Tuesday, February 8, 2011

Public Broadcasting Roundup

BBC'ya London

The BBC has implemented a forced relocation of programs and staffs to sites scattered around the United Kingdom.
The quest for "geographical correctness" has come under blistering criticism from London-based national newspapers who estimate the huge bill for the exodus will exceed £1 billion.

Further, the moves are being orchestrated by a consultant who is based in the US state of Kentucky, and limits his UK presence to less than half the year... Which the press has characterized as a tax evasion scheme.

Casualties of the Culture War

In the US, although fact-averse conservative attempts to cut off funding to "liberal" news coverage on NPR and PBS is the motivation, local station managers point out that eliminating the budget for the Corporation for Public Broadcasting is more likely to damage music programming.

For a big city station like LA's KCRW it'd impact their exposure of indie rock acts and its substantial impact on the record industry... Culture warriors wouldn't care and might even enjoy the effect.
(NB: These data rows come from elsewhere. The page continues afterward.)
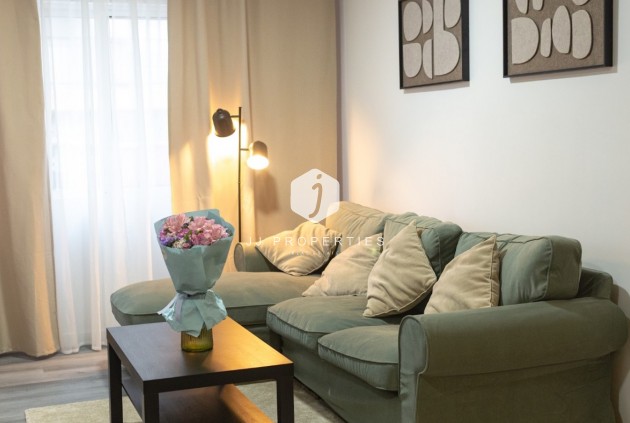 Apartamento / piso - Segunda mano - Torrevieja -
                Costa Blanca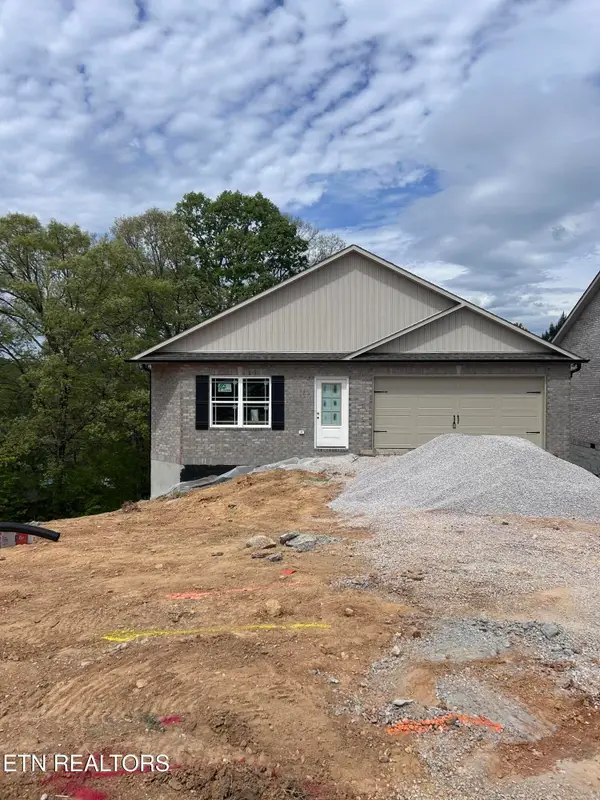 2935 Zachary Pointe Lane, Knoxville, TN 37938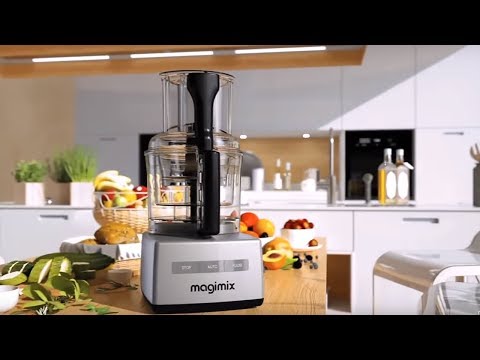 Magimix il mini plus rosso 18253EB  permette di affettare e grattugiare verdure, frullare zuppe, impastare, montare gli albumi, macinare la carne, emulsionare salse e spremere agrumi.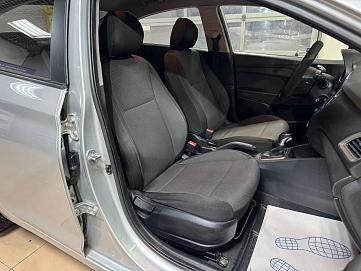 Hyundai Solaris, 2019г, передний привод, автомат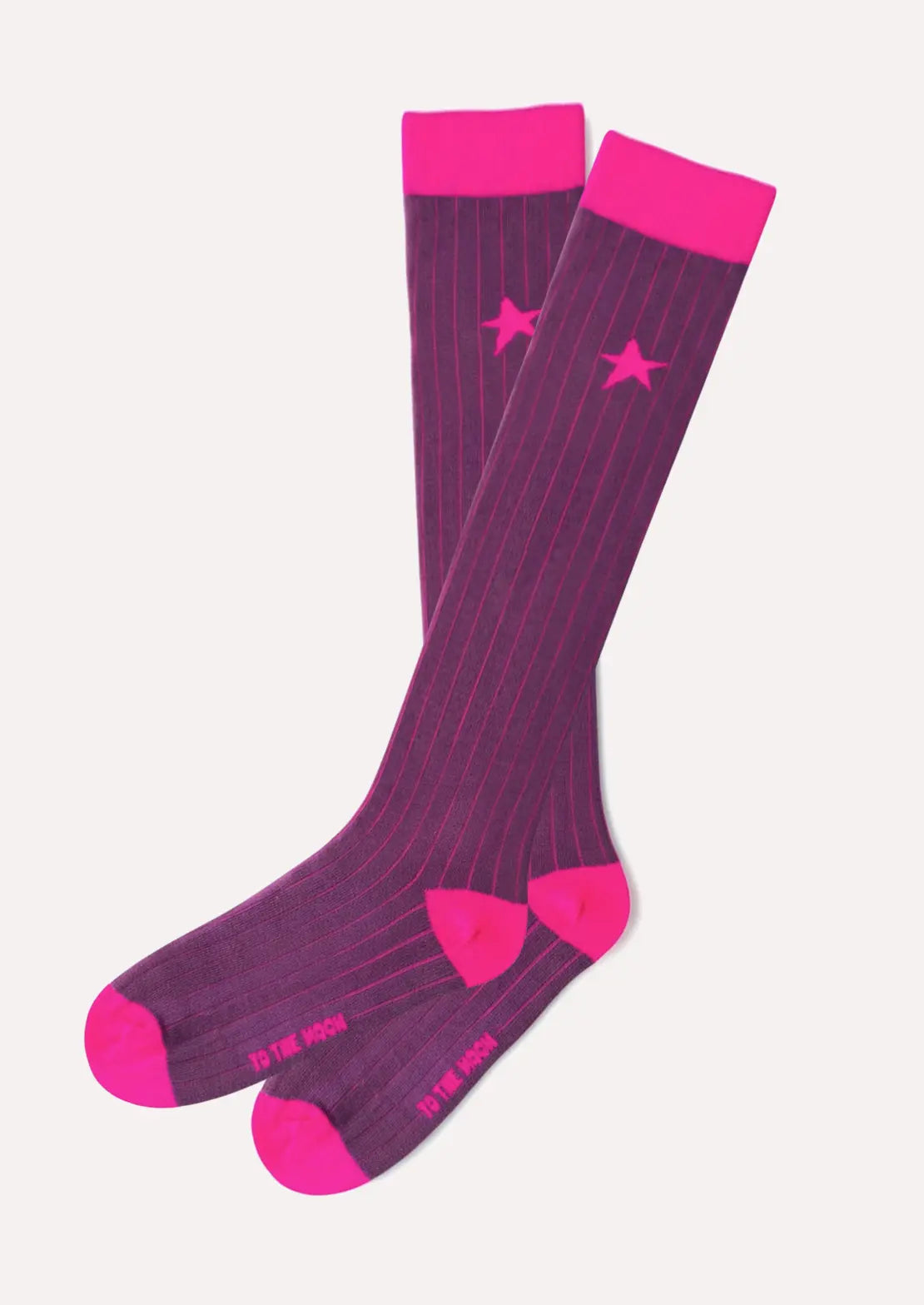 Calcetines de To the Moon de caña alta de canalé berry con estrella rosa flúor. Ideales para teens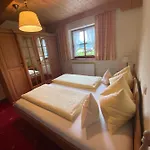 Couette-café Gaestehaus Grauss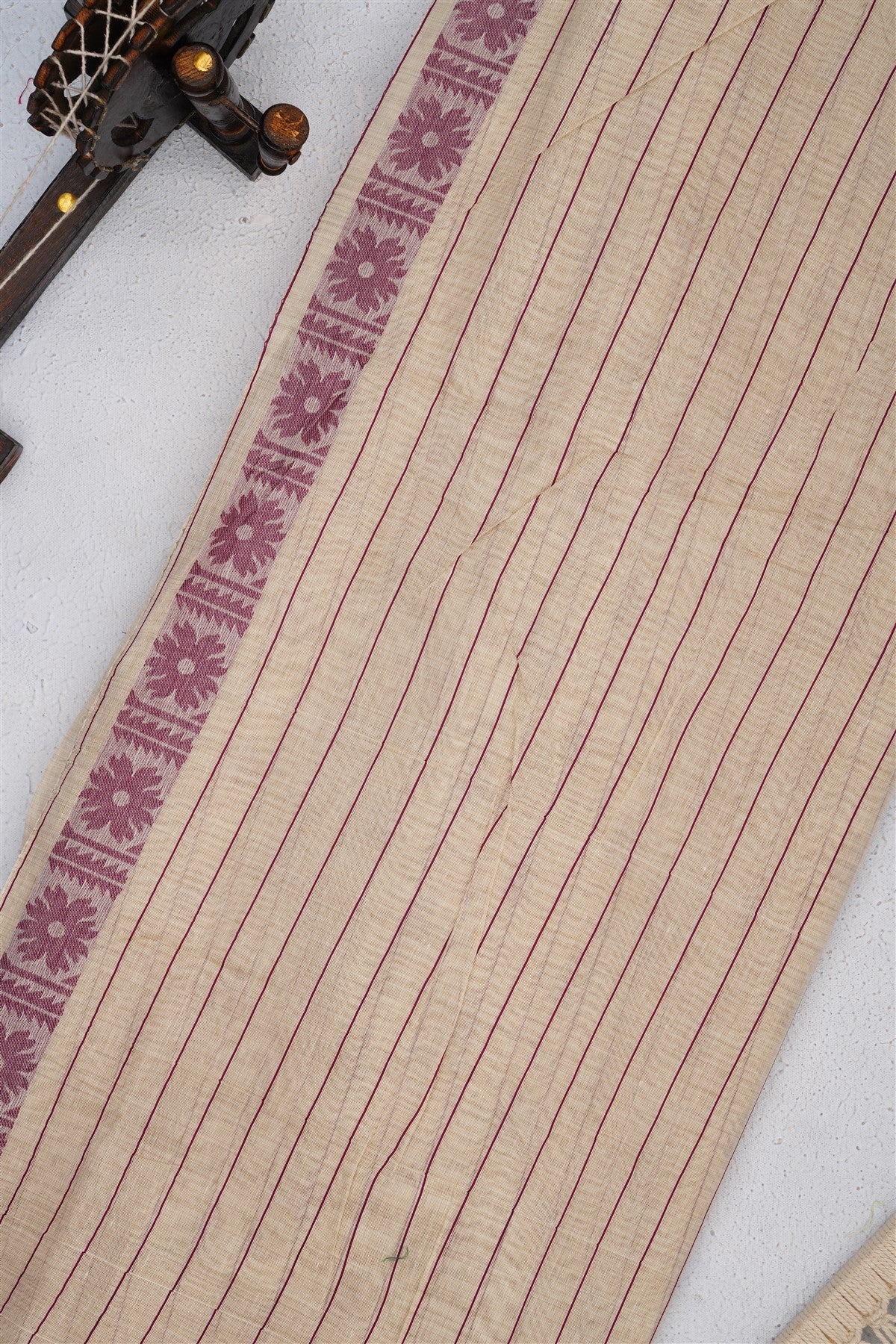 Bhagalpur Puliya Cotton Cream Saree
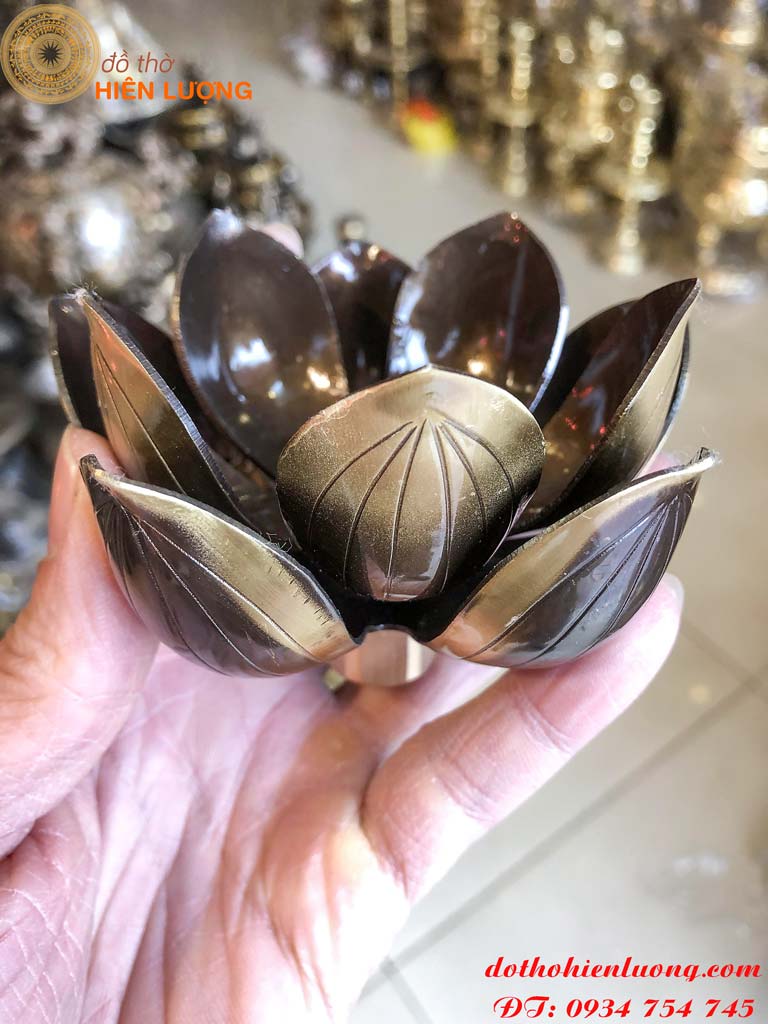Highlight double copper lotus flower candle holder (1 pair)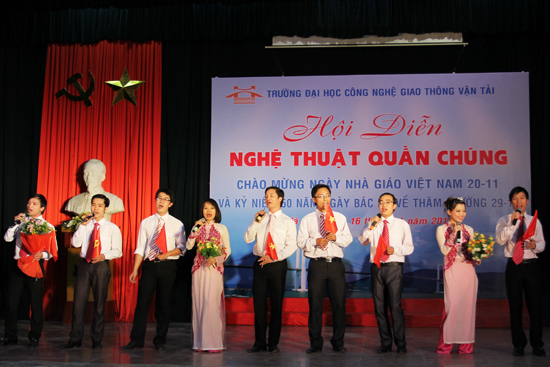 (utt.vn)Hội diễn nghệ thuật quần chúng năm 2011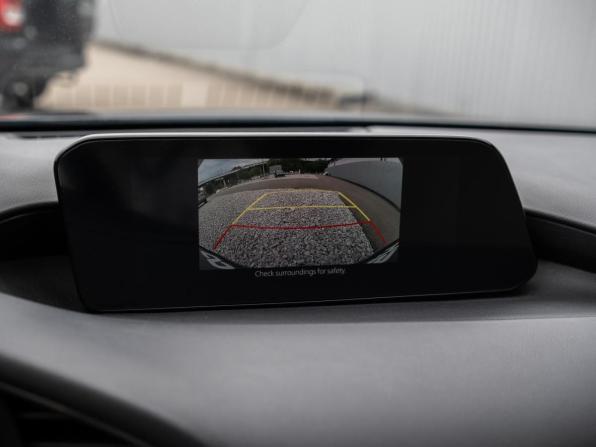 Mazda 3 IV (BP) с пробегом 2019 года, цена 2 450 000 рублей, 113040 км, хэтчбек, Автокод Объявления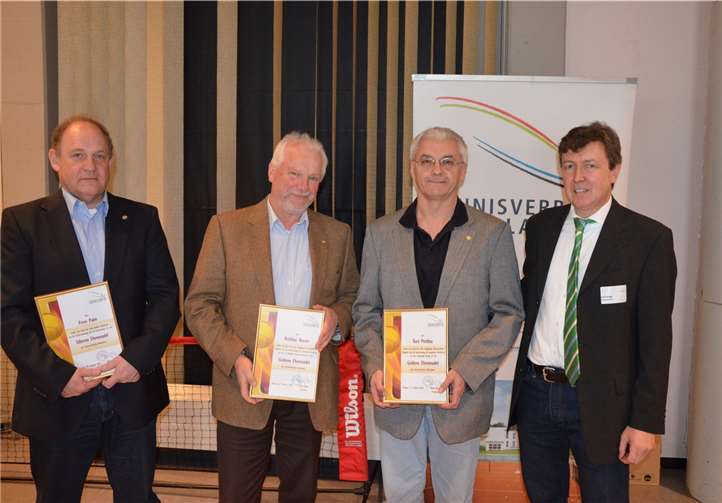 Für langjährige ehrenamtliche Tätigkeit zeichnete TVR-Vizepräsident Carl kipp (r.) drei Vereinsvorsitzende mit der Verbandsehrennadel aus (v.l.): Peter Palm, Tus Kottenheim, erhielt die Ehrennadel in Silber, Gold ging sowohl Matthias Hauser (TC Traben-Trarbach) als auch an Kurt Potthas (TC Geistig).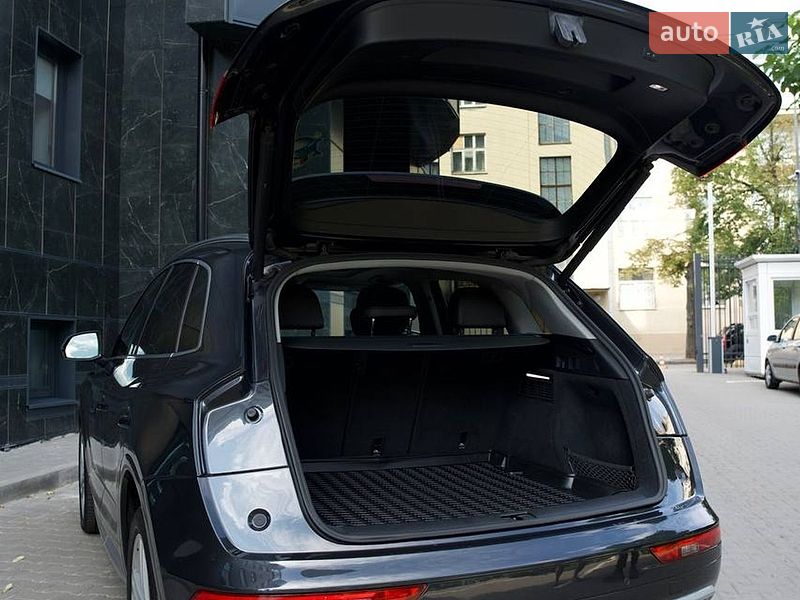 Внедорожник / Кроссовер Audi Q5 2019 в Харькове
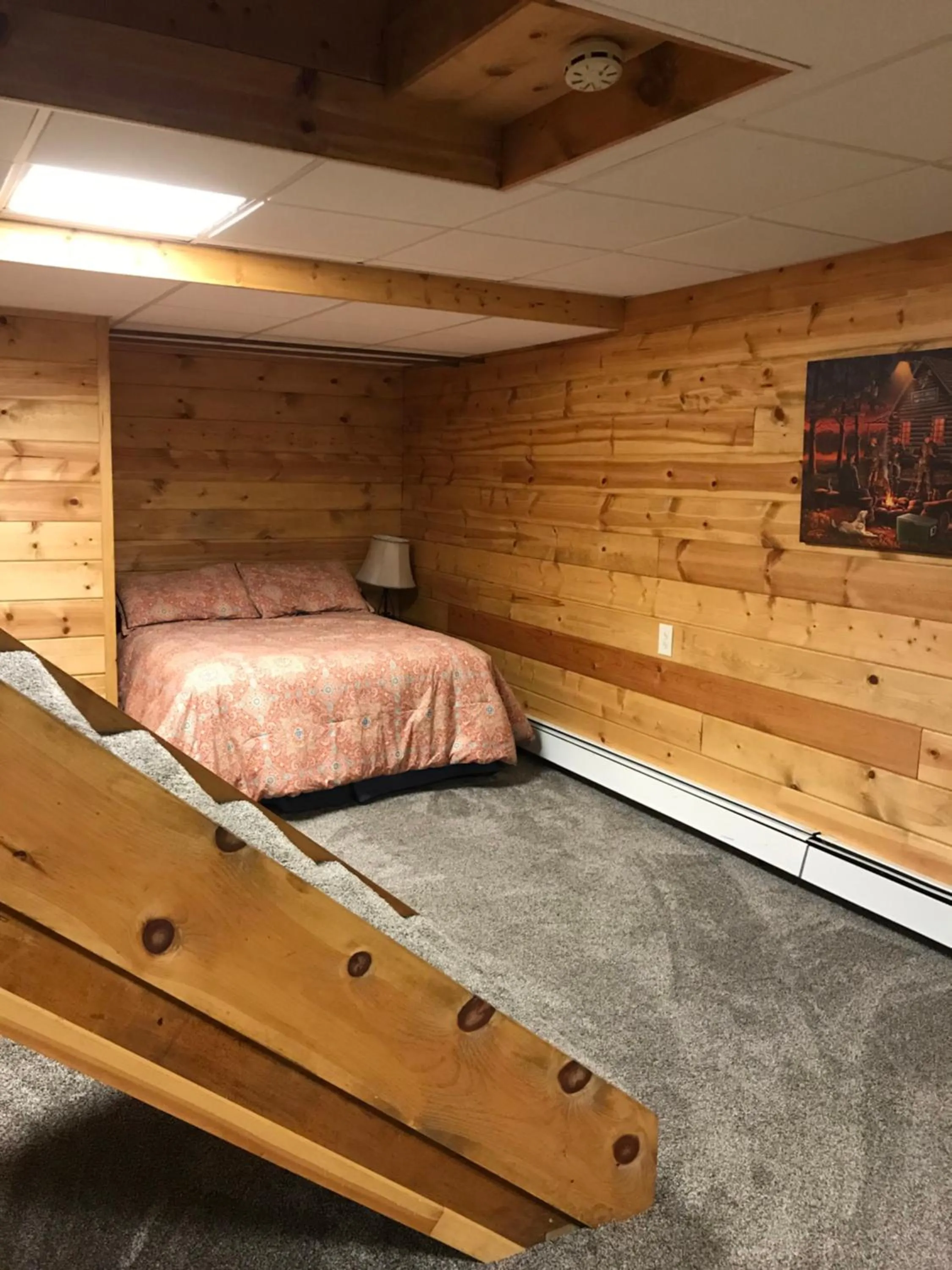 Bedroom, Bed in Rough Cut Lodge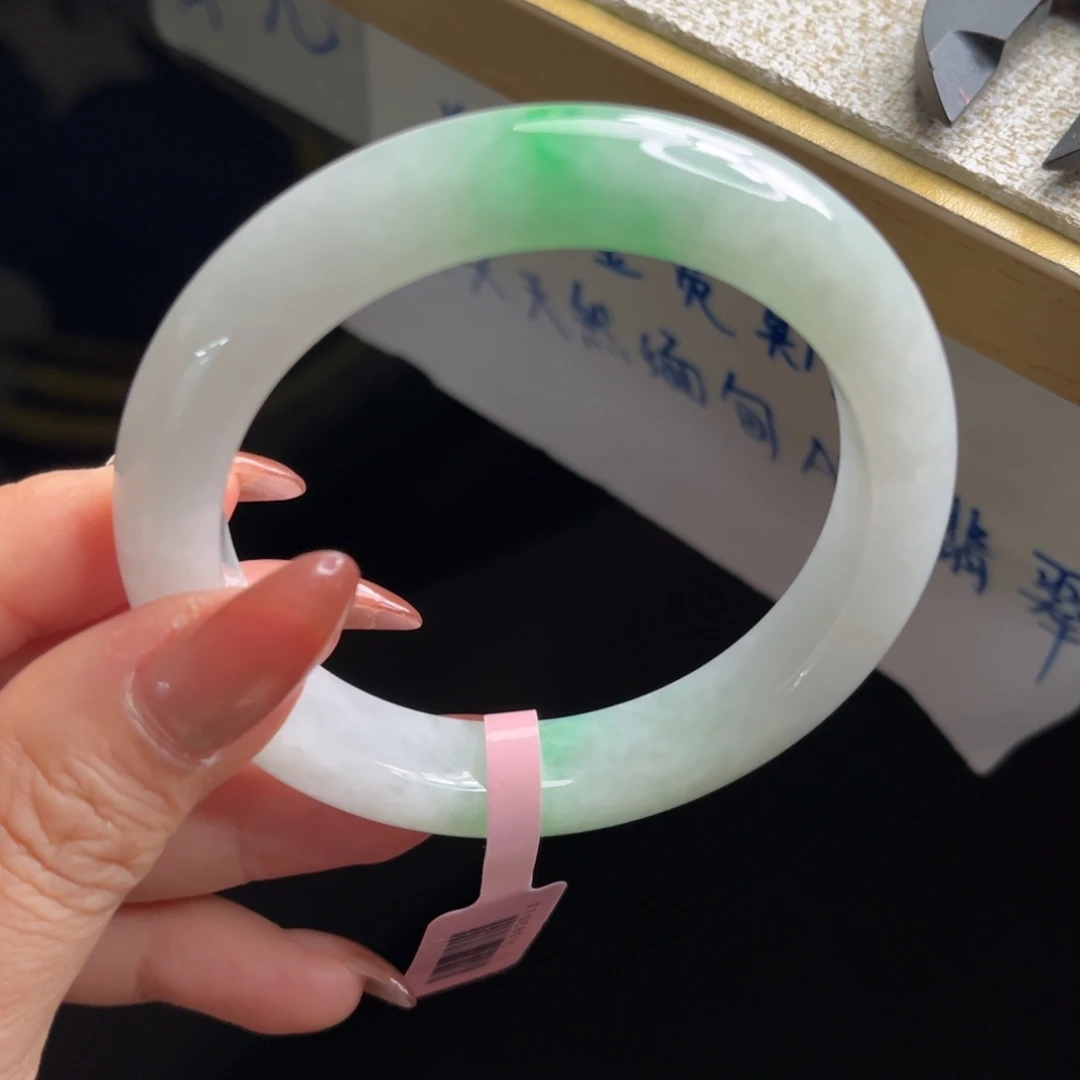 翡翠未镶嵌手镯手镯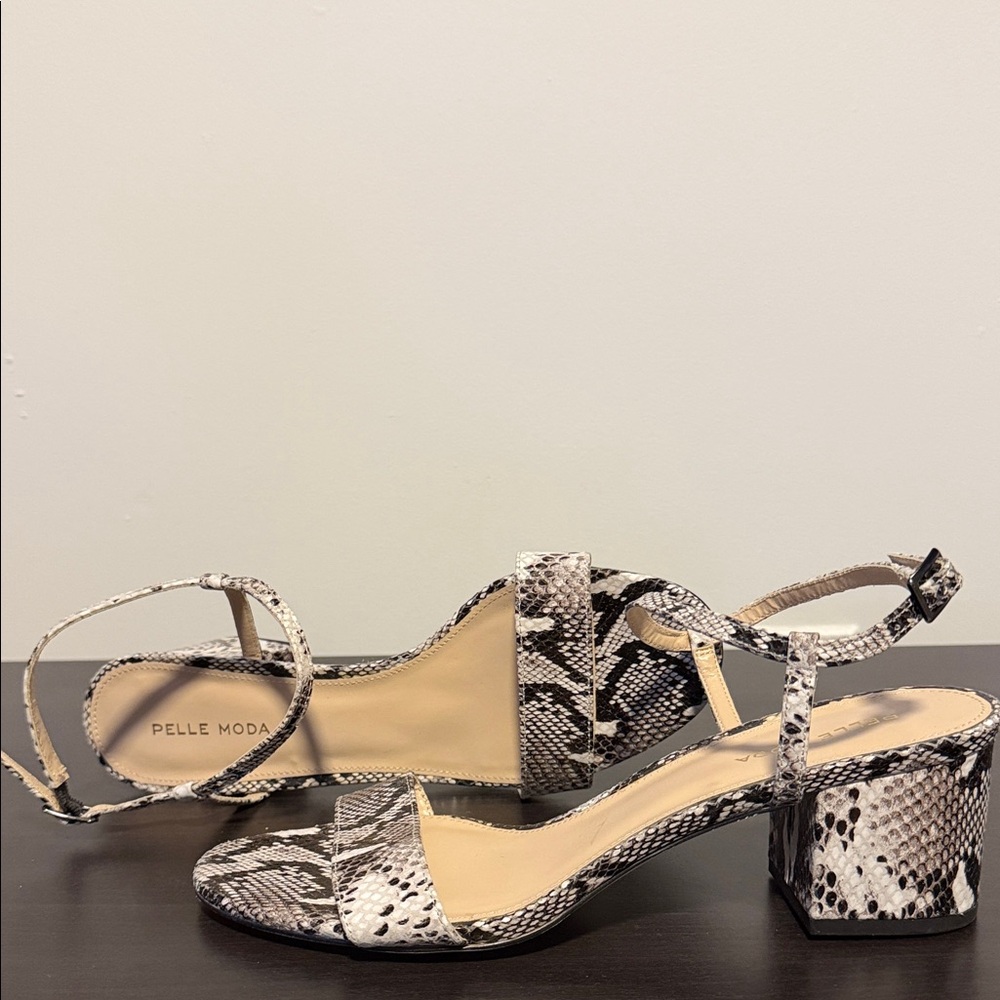 Pelle Moda Snake Print Block Heel Sandals Size 10 RUNS SMALL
But 70% of the $1.39 per American the feds spend on public broadcasting goes to local stations to purchase the shows they run. And on many smaller stations "culturally significant" (some say "elite") jazz and/or classical music programming blocks may disappear... While the news programs under political attack survive due to a greater level of local listener donations and business "underwriting."

O Canada

CBC & Radio Canada have ambitious expansion plans. CEO Hubert T. Lacroix outlines goals with greater production value than detail.